Description
Extract Text from RTF File.
Description
Extracts plain text from RTF (Rich Text Format) file.
README.md
striprtf: Extract Text from RTF (Rich Text Format) File
Installation
This package is now on CRAN.
install.packages("striprtf")
Alternatively, install development version from Github using devtools
library.
devtools::install_github("kota7/striprtf")
Usage
The package exports two main functions:
read_rtf
takes a path to a Rich Text Format (RTF) file and extracts plain text out of it.strip_rtf
does the same with string input instead of file path.
library(striprtf)
x <- read_rtf(system.file("extdata/king.rtf", package = "striprtf"))
head(x)
#> [1] "I am happy to join with you today in what will go down in history as the greatest demonstration for freedom in the history of our nation."

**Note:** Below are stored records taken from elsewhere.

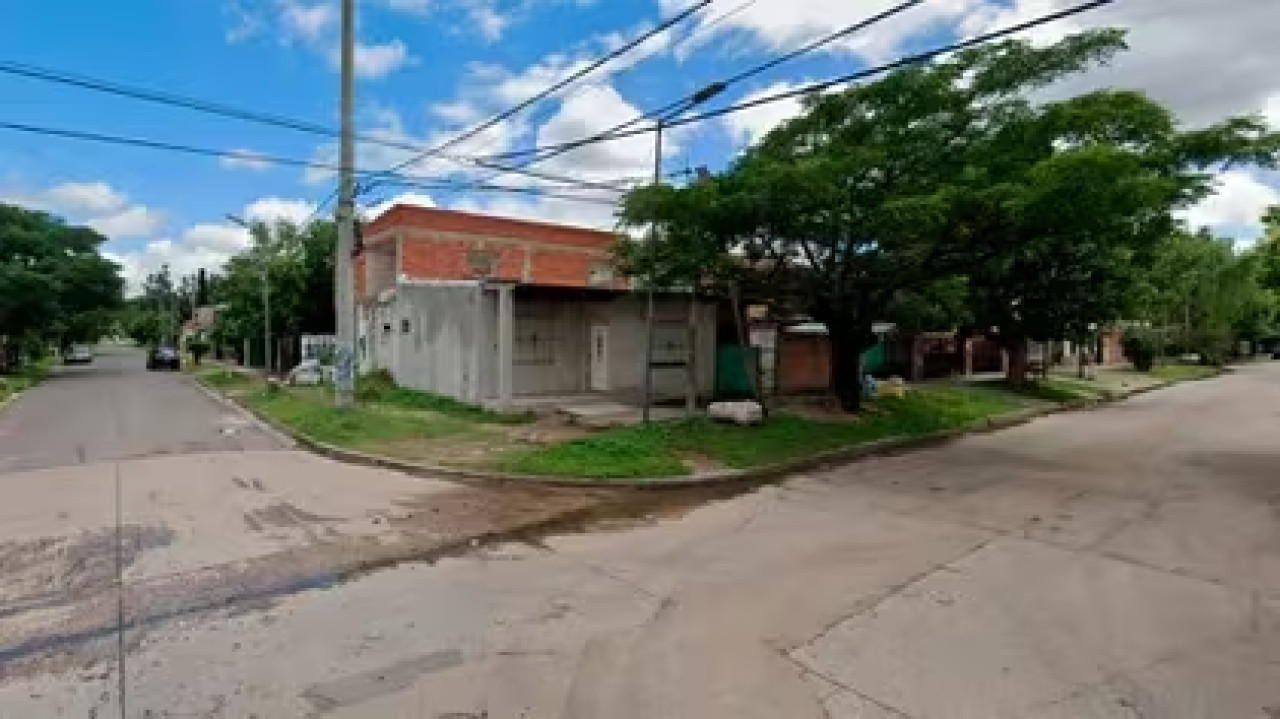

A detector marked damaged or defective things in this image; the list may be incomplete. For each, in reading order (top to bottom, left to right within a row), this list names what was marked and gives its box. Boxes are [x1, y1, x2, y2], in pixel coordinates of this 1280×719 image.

cracked pavement [2, 345, 1280, 711] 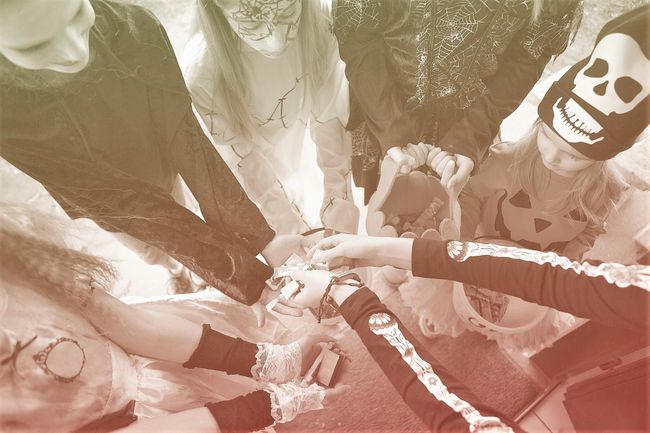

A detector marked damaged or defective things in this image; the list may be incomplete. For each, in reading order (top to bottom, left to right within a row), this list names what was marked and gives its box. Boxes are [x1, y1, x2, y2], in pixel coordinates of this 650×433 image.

torn fabric costume [0, 0, 272, 304]
torn fabric costume [180, 0, 356, 235]
torn fabric costume [332, 0, 580, 199] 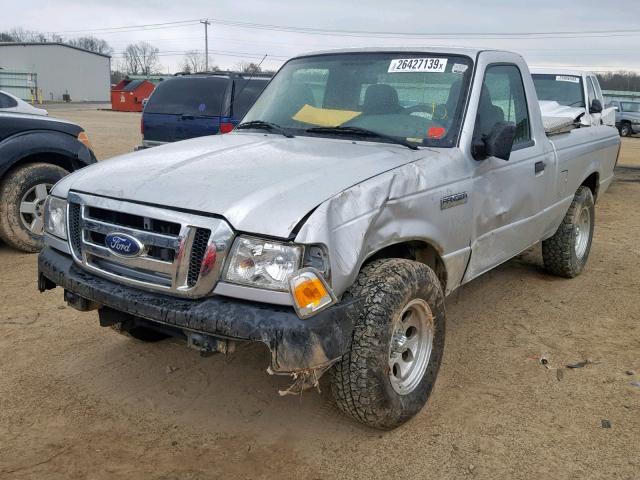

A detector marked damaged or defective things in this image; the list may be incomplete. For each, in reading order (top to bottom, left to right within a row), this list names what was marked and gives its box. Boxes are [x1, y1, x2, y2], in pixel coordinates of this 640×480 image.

#> [2] "Five score years ago, a great American, in whose symbolic shadow we stand today, signed the Emancipation Proclamation. This momentous decree came as a great beacon light of hope to millions of Negro slaves who had been seared in the flames of withering injustice. It came as a joyous daybreak to end the long night of their captivity."
#> [3] "But 100 years later, the Negro still is not free. One hundred years later, the life of the Negro is still sadly crippled by the manacles of segregation and the chains of discrimination. One hundred years later, the Negro lives on a lonely island of poverty in the midst of a vast ocean of material prosperity. One hundred years later, the Negro is still languished in the corners of American society and finds himself an exile in his own land. And so we've come here today to dramatize a shameful condition."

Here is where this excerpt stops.